Yes, I want to support the local farmers.
No, I don't want to support larceny.
Yes I want to relive the burst of childhood culinary sweetness.
No, I don't want to resent paying what I can, but feel is craziness!

Now if I were in Lancaster, PA, I would drive way out in the country, by the plowed fields, rushing creeks, and rambling barns and farmhouses, and would buy the earth's goodness at a God-fearing price!

Friday, June 8, 2018

It's a beautiful day in the neighborhood

Recently we were in Pittsburgh and we revisited the Heinz Museum which housed the Fred Rogers exhibit. He of course was a native son of Pittsburgh and the recreation of the TV set is excellent. I was talking to a guard and he sat the Mr. Rogers section of the museum is one of the most beloved. I was in tears, just listening to the familiar, "It's a beautiful day in the neighborhood...." as it took me back to our sons and how they loved the soothing, comfortable show. Sesame Street and the Electric Company and others were on in the same time frame, but they had completely different effects on the boys - and me! At first I found his deliberate repletion of actions and words strange.

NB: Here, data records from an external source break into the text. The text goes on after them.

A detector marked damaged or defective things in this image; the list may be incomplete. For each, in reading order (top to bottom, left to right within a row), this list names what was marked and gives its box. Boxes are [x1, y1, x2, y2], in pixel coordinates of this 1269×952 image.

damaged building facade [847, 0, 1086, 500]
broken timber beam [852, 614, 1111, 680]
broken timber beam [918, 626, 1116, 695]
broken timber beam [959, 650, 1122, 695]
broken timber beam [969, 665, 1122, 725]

But gradually I realized that he was reinforcing every concept of parenting I was attempting to convey - particularly of kindness. "Please won't you be my neighbor." And the consistency that we tried to practice in terms of behavior, health, sleep, conversation - all of these Mr. Rogers did in a short program each day, essentially saying to me, "I got your back."

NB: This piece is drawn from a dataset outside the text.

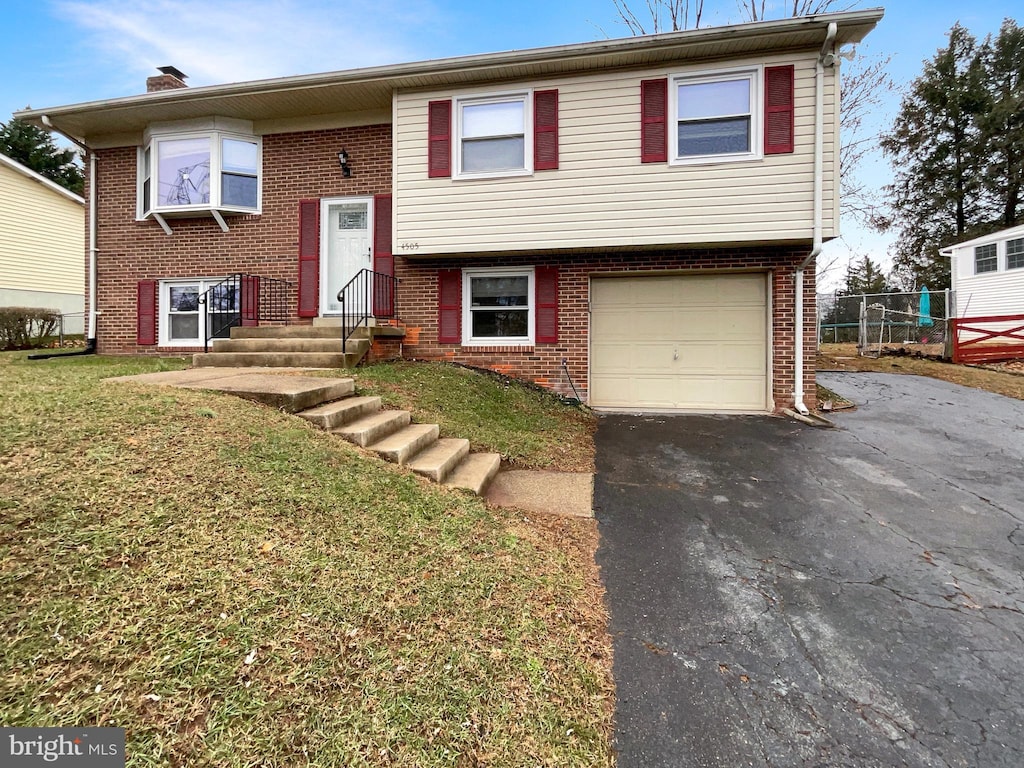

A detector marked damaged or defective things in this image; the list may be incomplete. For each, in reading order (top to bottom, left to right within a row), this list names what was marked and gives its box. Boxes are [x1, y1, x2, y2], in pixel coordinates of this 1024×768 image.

cracked asphalt [593, 374, 1024, 768]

That is why I think thousand of adults stand before the reconstructed Mr. Rogers Neighborhood with eyes and hearts full of tears.

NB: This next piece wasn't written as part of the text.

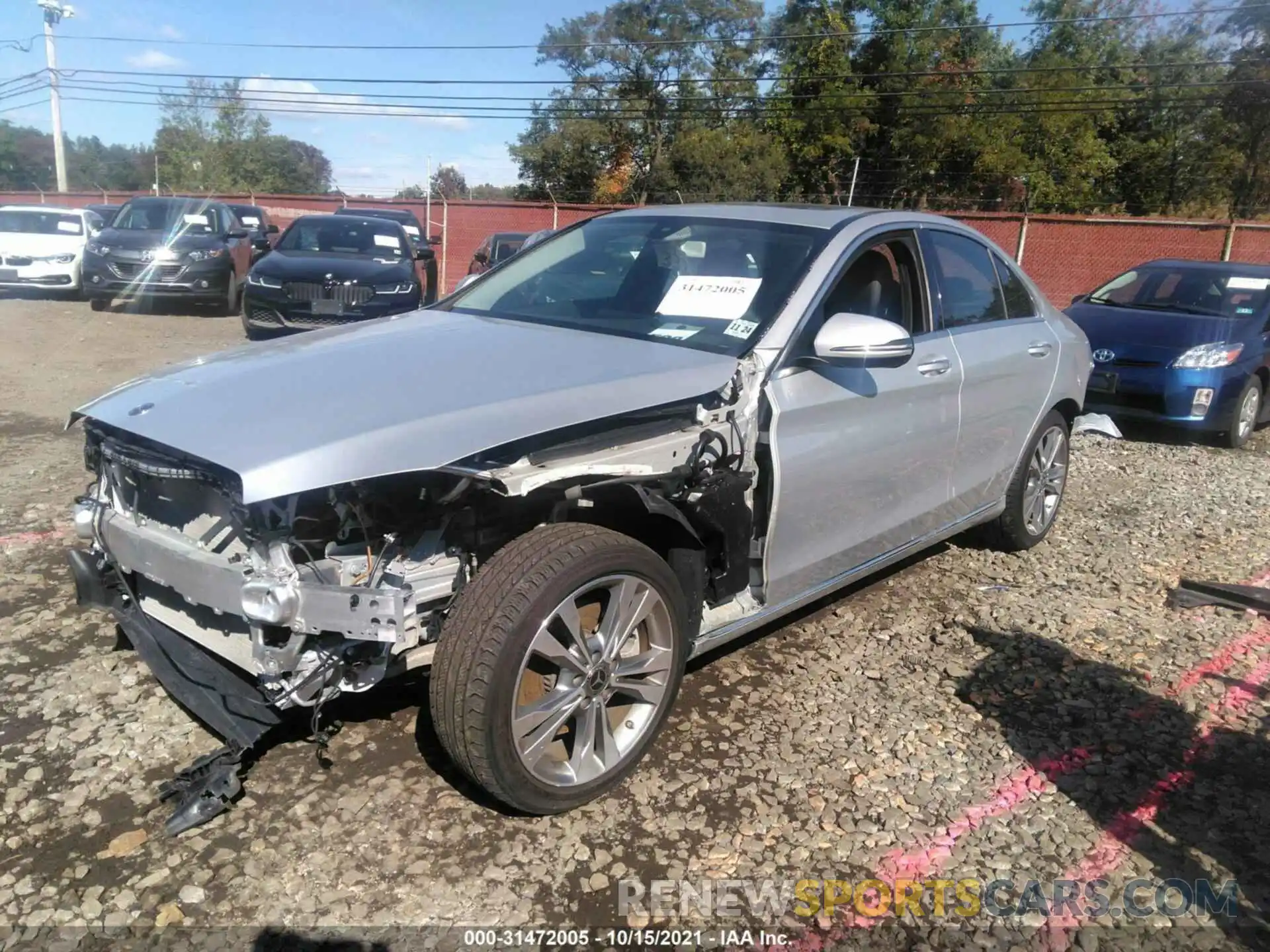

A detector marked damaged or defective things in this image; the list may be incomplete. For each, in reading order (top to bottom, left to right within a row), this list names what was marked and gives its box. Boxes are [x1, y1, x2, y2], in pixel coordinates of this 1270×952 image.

crumpled hood [74, 313, 741, 508]
damaged front end of car [67, 355, 762, 832]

Have we ever needed his message of gentle civility more as a nation?

Thursday, June 7, 2018

let the merry sunshine in

A cardinal whistled right into my window as I sat down to my computer! Cheeky thing! I particularly love the chatter of the birds in the morning. It feels like all of creation is on the same page and we all seem to be saying - new day, new possibilities. The cycle of darkness and light surely overlays our very beings. The night never lasts, but neither does the light. We have to cherish each.

But right now, open all the windows, open all the doors! And whistle back to that saucy cardinal!

Tuesday, June 5, 2018

modeling

At the edge of the surf a young mother was sitting with her baby. The child was probably 6 months old - crawling, not walking - but more importantly, definitely not afraid. The mother sat really close, but wasn't holding her and she played with the sand and surf happily as wave after wave crashed near her. A sudden big wave engulfed them both and while the baby blinked and gasped at the dunking she didn't cry. I was astounded.

Later as I passed them back further on the beach I stopped and said "You are raising a fearless daughter!" And she laughed and said that she was a swimmer all her life and didn't want her child to have fears of the ocean. She said, "I figured she would take her cues from me." To which I replied, "She will take her cues from you in everything." and she agreed in some surprise.

We are so molded by our parents' attitudes early in life. Yes, we can change, alter, correct, backslide, whatever. But that first instinctive response is pure Mother or Dad. 

Another reason to give thanks today.